● **What this task involves**:
Give every entry below again, exactly as written, and skip the images.

**** Given records ****

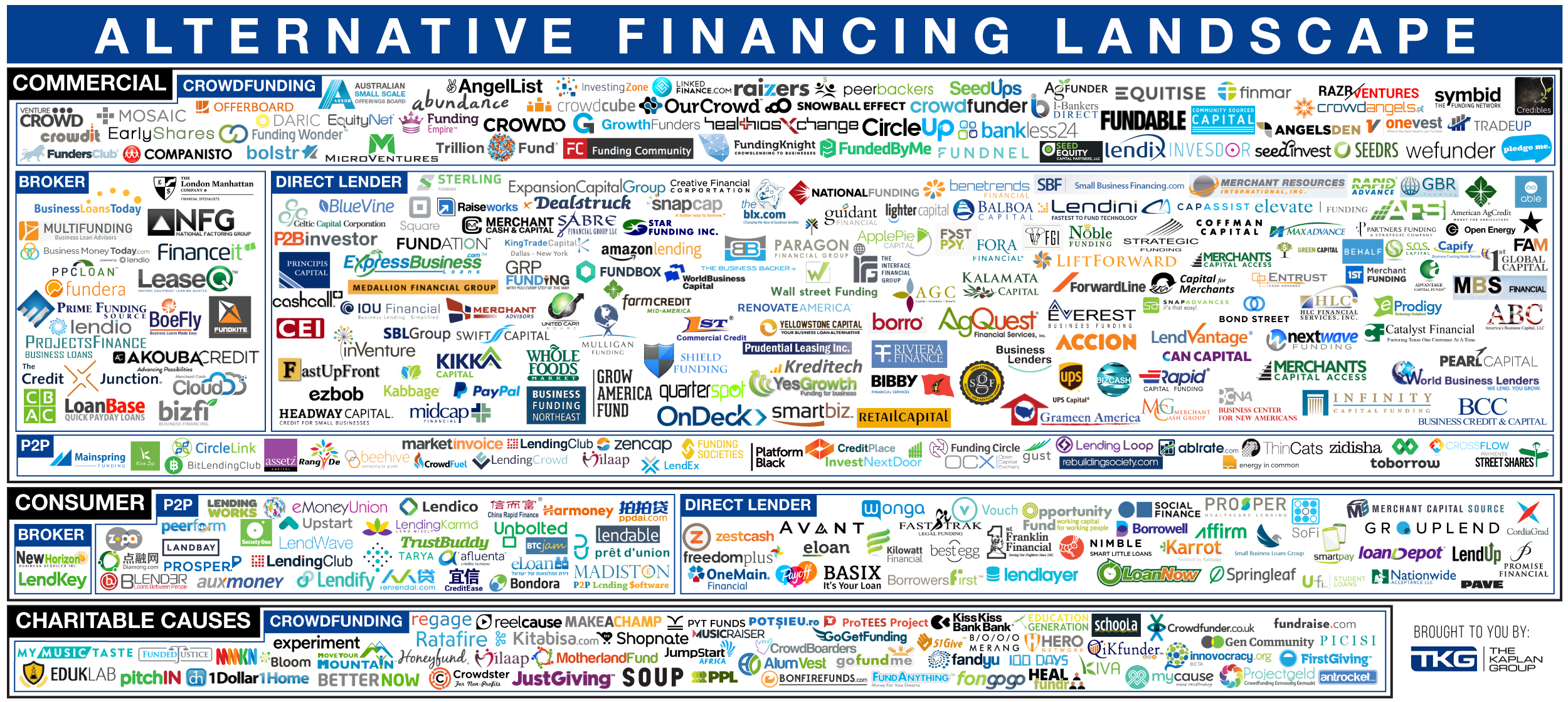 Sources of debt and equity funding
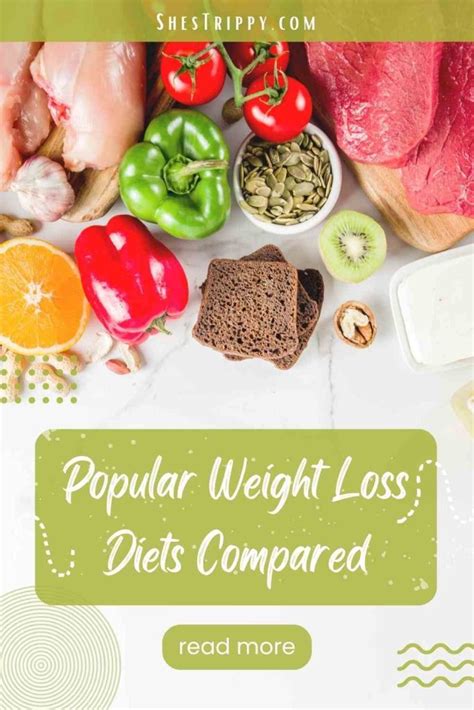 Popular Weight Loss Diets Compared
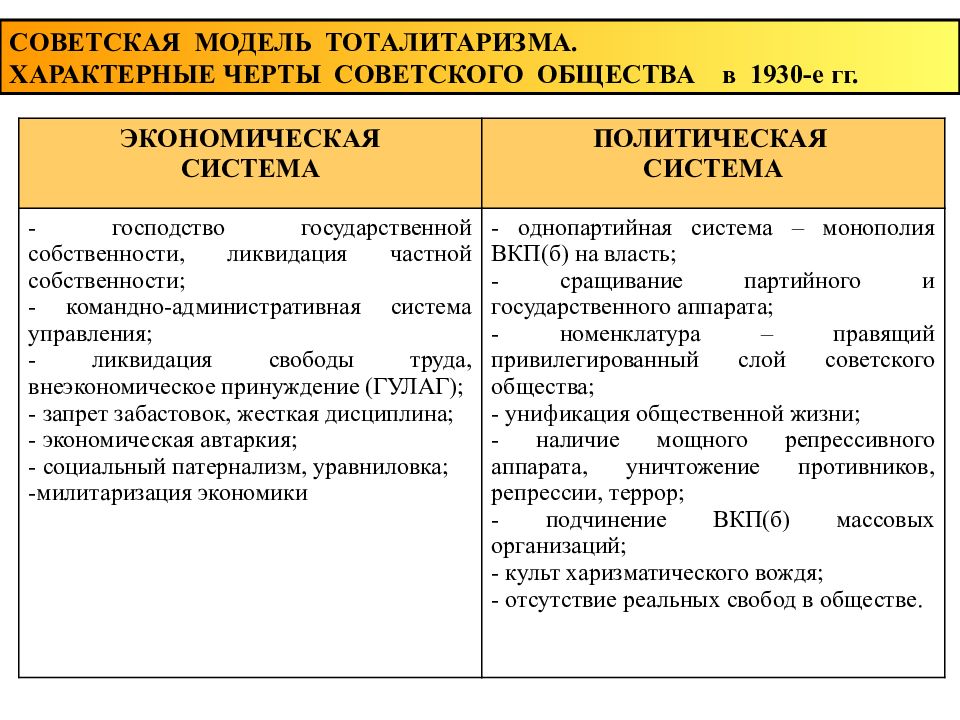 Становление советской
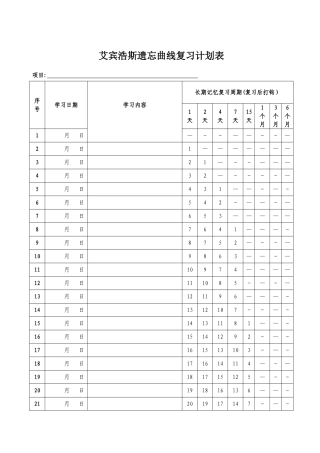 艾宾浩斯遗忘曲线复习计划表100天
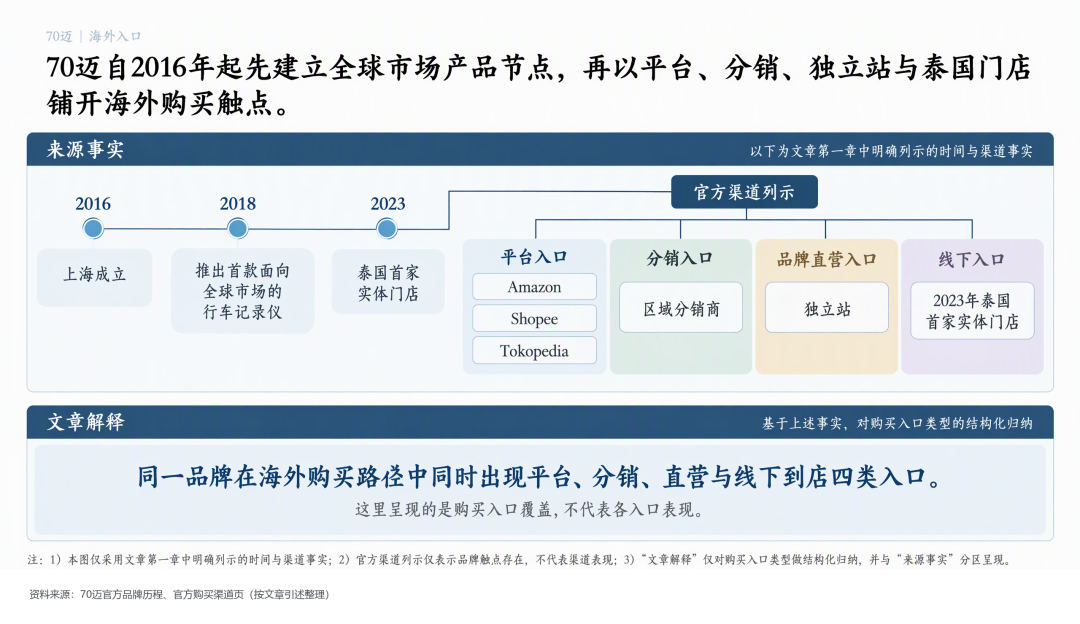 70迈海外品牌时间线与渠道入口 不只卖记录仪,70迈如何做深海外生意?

****

● **Exercise answer**:
 Sources of debt and equity funding
 Popular Weight Loss Diets Compared
 Становление советской
 艾宾浩斯遗忘曲线复习计划表100天
 70迈海外品牌时间线与渠道入口 不只卖记录仪,70迈如何做深海外生意?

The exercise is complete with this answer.